Indagini sono in corso al fine di individuare i responsabili. Utili potrebbero rivelarsi le immagini dei dispositivi di videosorveglianza puntati nelle vicinanze. Diversi i reperti messi da parte ed ora oggetto di accertamento. A partire da alcune bolle di accompagnamento allegate ai molti imballaggi in cartone disseminati. Ci sono poi altri documenti contabili mentre ulteriori dati potrebbero emergere dagli hard disk dei pc dismessi.
Una porzione consistente della discarica abusiva è stata occupata dai residui di attività da imbianchino, quali barattoli vuoti di vernice, teli in feltro e di nylon, bancali in legno e tubetti usati di silicone.

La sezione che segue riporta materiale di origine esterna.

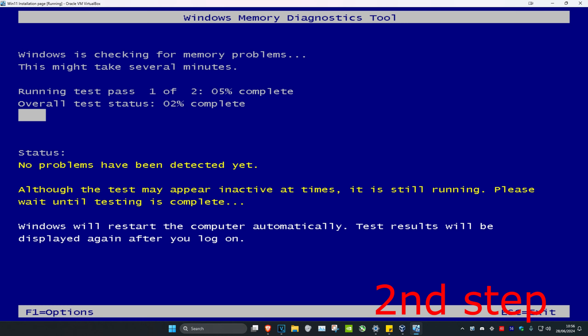It's going to restart and check for memory problems. After all these scans have been completed, which will take a while, your computer will restart automatically and the information will be fixed.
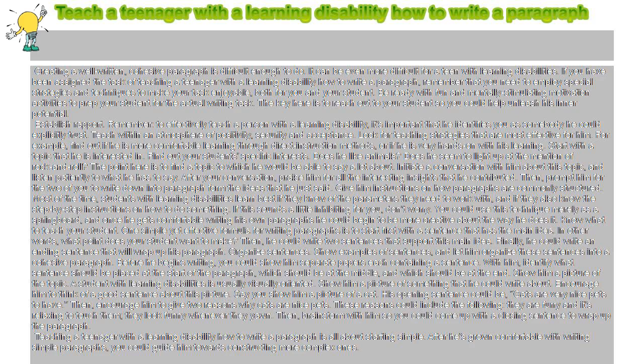Show him a picture of the topic. A student with learning disabilities is usually visually oriented, so show him a picture of something he could write about. Encourage him to think of a good sentence about this picture. Say you show him a picture of a cat — his opening sentence could be, 'Cats are very nice pets to have.' Then encourage him to give two reasons why cats are nice pets, such as: they are furry and it's relaxing to touch them, or they look funny whenever they yawn. Then brainstorm with him to come up with a closing sentence to wrap up the paragraph.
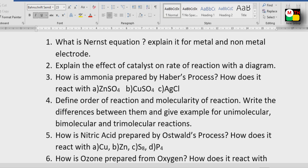Fifth question: Define order of reaction and molecularity of a reaction. Write the differences between them and give examples for unimolecular, bimolecular, and trimolecular reactions.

Quest’ultimo compare tra i materiali considerati pericolosi che hanno compromesso la zona danneggiata. Lo stesso dicasi per i toner delle stampanti buttate anch’esse nel mucchio.
Le tempistiche dello smaltimento sono legate alla decisione del dissequestro, che dipenderà dal tribunale. L’obiettivo, come dicevamo, è quello di scoprire gli autori dello scempio che potranno essere così obbligati dal Comune di Reggio, tramite apposita ordinanza, a sostenere i costi delle operazioni di bonifica.